Lance, like other CEOs so far this earnings season, also weighed in on the recent 60-day moratorium on domestic leasing and new permits imposed by the Joe Biden presidential administration, with similar comments. He said the move would negatively affect the US economy recovery from the coronavirus pandemic and also will force reliance on foreign oil barrels that emit more greenhouse gas.

But Lance also took a measured view of the Administration's actions, cautioning against leaping to conclusions and noting uncertainty in fiscal terms and permitting is true of governments around the world.

'Loosening up' approvals

"We're starting to see, frankly, a bit of loosening up, some permits getting approved that they said even during this moratorium wouldn't get approved," he said of Biden's energy officials. "We take them at their word that this is temporary and that we'll get back to business as usual or at least something close to it after these 60 days."

"So I wouldn't get hung up," Lance added.

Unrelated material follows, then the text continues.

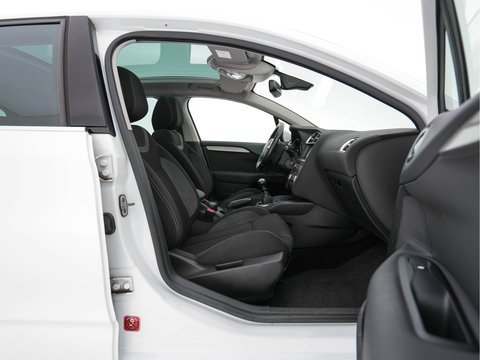 Citroën C4 1.6 BlueHDi Feel *PANO | SPORT-SEATS | PDC | PRIVACY-GLASS | ECC | CRUISE | TOWBAR*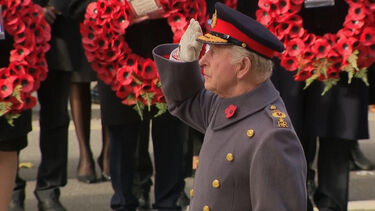 Rei Carlos III lidera homenagem do ‘Remembrance Sunday’ aos mortos de guerra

Lance also said ConocoPhillips has the flexibility, diversity and abundant low cost of supply resource base to "manage through" the Administration's action without materially affecting its plans.

Tim Leach, former Concho CEO and now ConocoPhillips' executive vice president-Lower 48, noted the company has "several decades" of non-federal high-quality drilling locations in its portfolio.

While primarily an oil producer, Lance said that ConocoPhillips "likes" LNG projects and also the Asian market. It has a stake in the Australia Pacific LNG project and the Qatargas 3 joint venture and last year sold its share of the Darwin LNG project.

Noting that the company's investment threshold is a less than $40/b cost of supply and its actual cost averages below $30/b, Lance said the Darwin LNG sale came was prompted by ConocoPhillips "concern" about its cost of supply and greenhouse gas footprint.

But, "we like the growing need for gas around the world [and] we are interested in competing in Qatar for another train," he said. "That opportunity should be coming soon."